DIRECTIONS:
Among the lines below, copy exactly those from the one with "Carrello elevatore a" through the one with "中國男籃閃耀NBA賽場，擊敗新西蘭，更衣室狂歡背后的故事", counting both ends.

DATASET EXCERPTS:

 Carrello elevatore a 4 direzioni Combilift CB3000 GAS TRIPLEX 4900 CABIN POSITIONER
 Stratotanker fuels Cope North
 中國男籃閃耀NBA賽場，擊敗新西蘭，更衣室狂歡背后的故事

* * *

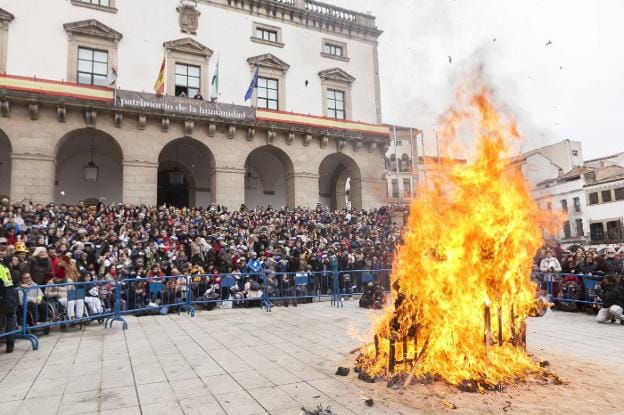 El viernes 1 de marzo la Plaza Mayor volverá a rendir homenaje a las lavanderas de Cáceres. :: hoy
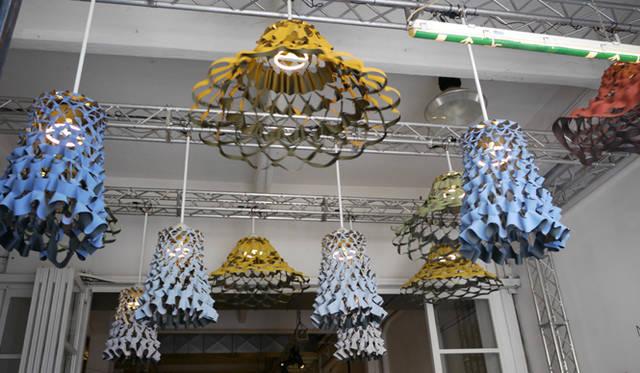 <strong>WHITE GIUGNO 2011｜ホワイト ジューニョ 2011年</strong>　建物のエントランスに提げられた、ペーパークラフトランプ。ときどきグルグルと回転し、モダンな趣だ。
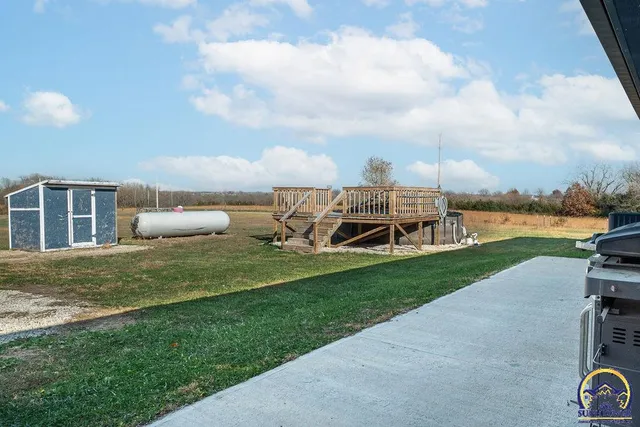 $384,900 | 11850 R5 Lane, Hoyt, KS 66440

==

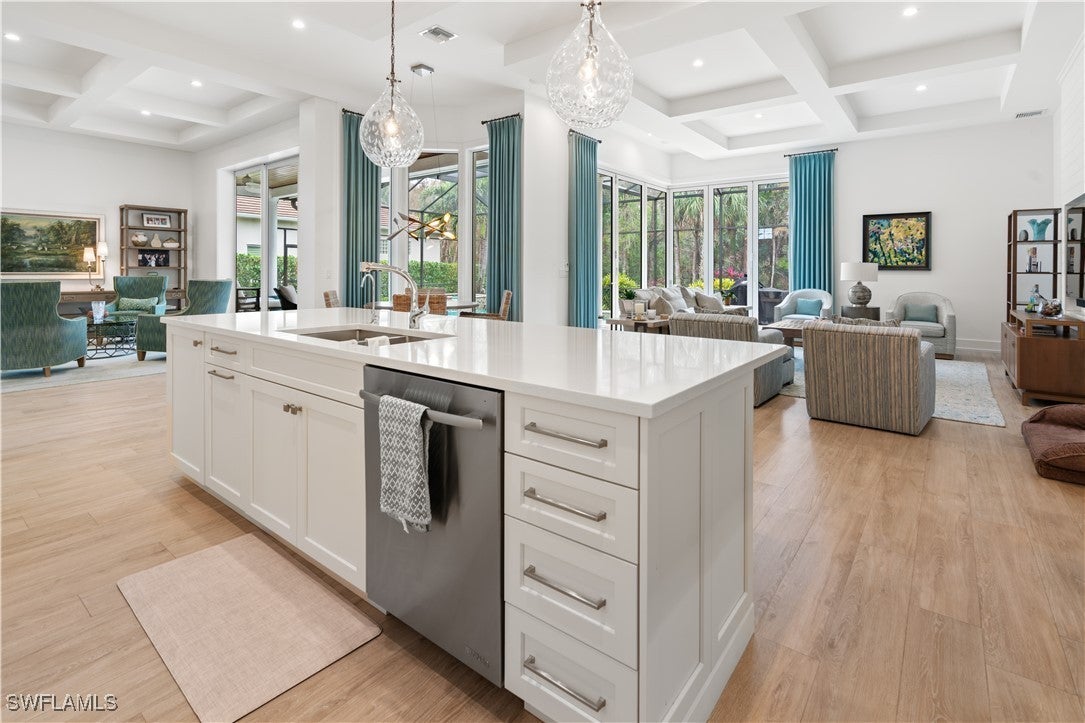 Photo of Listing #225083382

SOLVED EXERCISE:
 Carrello elevatore a 4 direzioni Combilift CB3000 GAS TRIPLEX 4900 CABIN POSITIONER
 Stratotanker fuels Cope North
 中國男籃閃耀NBA賽場，擊敗新西蘭，更衣室狂歡背后的故事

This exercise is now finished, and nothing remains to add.